On va déjà poser les choses : si un homme a commis un viol et que sa carrière est brisée, je ne vais pas pleurer pour lui. Après le mouvement #MeToo, on s’est aperçu qu’il y avait très peu de femmes qui avaient donné les noms de leurs agresseurs, et quand elles l’avaient donné, il ne s’était quasiment rien passé. Le journaliste Frédéric Haziza, qui a été accusé d’agression sexuelle par Astrid de Villaines, est toujours à l’antenne, alors qu’elle a démissionné. Être sexiste, être violent, commettre un viol n’est pas un handicap dans la carrière d’un homme. En revanche, en avoir subi un en est un pour la victime. Des victimes de la ligue du LOL ont expliqué que ça les avait ralenties, voire empêchées, dans leur carrière. Cela peut avoir aussi des conséquences au niveau collectif, parce qu’on va considérer qu’une femme qui parle est une « emmerdeuse » et elle sera black-listée.

Symboliquement, quelle est la portée de ces nominations au gouvernement ?

Ce n’est pas symbolique, c’est réel. Ça nous dit qu’on peut être misogyne, qu’on peut avoir une accusation extrêmement grave sur le dos et être promu.
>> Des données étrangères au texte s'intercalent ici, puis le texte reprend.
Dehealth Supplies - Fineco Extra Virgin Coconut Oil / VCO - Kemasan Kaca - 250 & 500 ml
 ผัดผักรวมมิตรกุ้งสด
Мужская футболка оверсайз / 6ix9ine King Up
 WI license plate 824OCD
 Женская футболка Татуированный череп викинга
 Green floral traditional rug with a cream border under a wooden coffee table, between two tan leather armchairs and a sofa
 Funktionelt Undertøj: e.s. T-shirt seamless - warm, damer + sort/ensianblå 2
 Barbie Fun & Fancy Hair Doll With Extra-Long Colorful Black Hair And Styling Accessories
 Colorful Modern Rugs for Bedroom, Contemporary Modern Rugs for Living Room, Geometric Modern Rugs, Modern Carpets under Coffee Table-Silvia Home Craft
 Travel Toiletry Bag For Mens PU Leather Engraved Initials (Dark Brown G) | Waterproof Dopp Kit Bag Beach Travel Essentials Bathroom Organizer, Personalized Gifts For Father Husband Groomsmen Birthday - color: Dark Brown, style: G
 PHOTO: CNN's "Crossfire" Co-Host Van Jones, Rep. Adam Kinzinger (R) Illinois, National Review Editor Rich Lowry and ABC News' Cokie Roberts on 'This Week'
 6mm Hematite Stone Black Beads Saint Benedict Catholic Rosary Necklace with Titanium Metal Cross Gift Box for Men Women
On n’arrête pas de dire qu’il faut montrer l’exemple aux jeunes, mais quel signe est-ce que ça envoie aux hommes violents ? On montre qu’on peut tenir des réflexions misogynes, dire que les femmes exagèrent en dénonçant des viols, et c’est OK. Mieux, ça vous vaut une promotion ! Et en plus dans un ministère où vous serez directement amené à faire voter des projets de loi et à réfléchir sur ces sujets-là.

Pensez-vous que cela puisse empêcher la libération de la parole des victimes ?

Le problème, quand on est dans une démarche pour porter plainte, c’est qu’il faut que la police recueille la plainte. Il faut que les fonctionnaires soient formés à ça. Cela n’a pas été fait sous le gouvernement d’Édouard Philippe, faute de moyens. Nous n’avons pas, à l’heure actuelle, d’état des lieux de la culture du viol dans la police, chez les médecins… bref, tous les corps de métiers qui sont amenés à fréquenter des victimes. Il faudrait mettre en place des questionnaires précis : « Est-ce que vous pensez qu’une femme mariée peut être violée ? » ; « qu’un homme peut être violé ? » ; « qu’une femme en minijupe l’a cherché ? » Ce sont des questions basiques, ça prend du temps, mais au moins on forme ensuite les gens correctement.

On sait par exemple que la société tout entière a des préjugés sur le viol. Pour beaucoup, l’acte qu’a commis Gérald Darmanin n’entre pas dans cette catégorie-là, et même pour la justice c’est compliqué de dire si ce qu’il a commis entre juridiquement dans la définition du viol. Pour beaucoup de gens, c’est compliqué, donc il n’y a pas de raison que pour la police et la justice ce soit différent. Et c’est la même chose pour les victimes d’actes comparables à ceux commis par Darmanin ; elles peuvent penser qu’elles exagèrent ou se dire qu’il ne se passera rien contre leur agresseur puisque c’est ce que leur dit cette nomination et les soutiens que reçoit le ministre, y compris de l’ancienne secrétaire aux Droits des femmes.

(1) Une culture du viol à la française. Du « troussage de domestique » à la « liberté d’importuner », Libertalia, 2019 ; _Le sexisme, une affaire d’hommes, _Libertalia, 2020.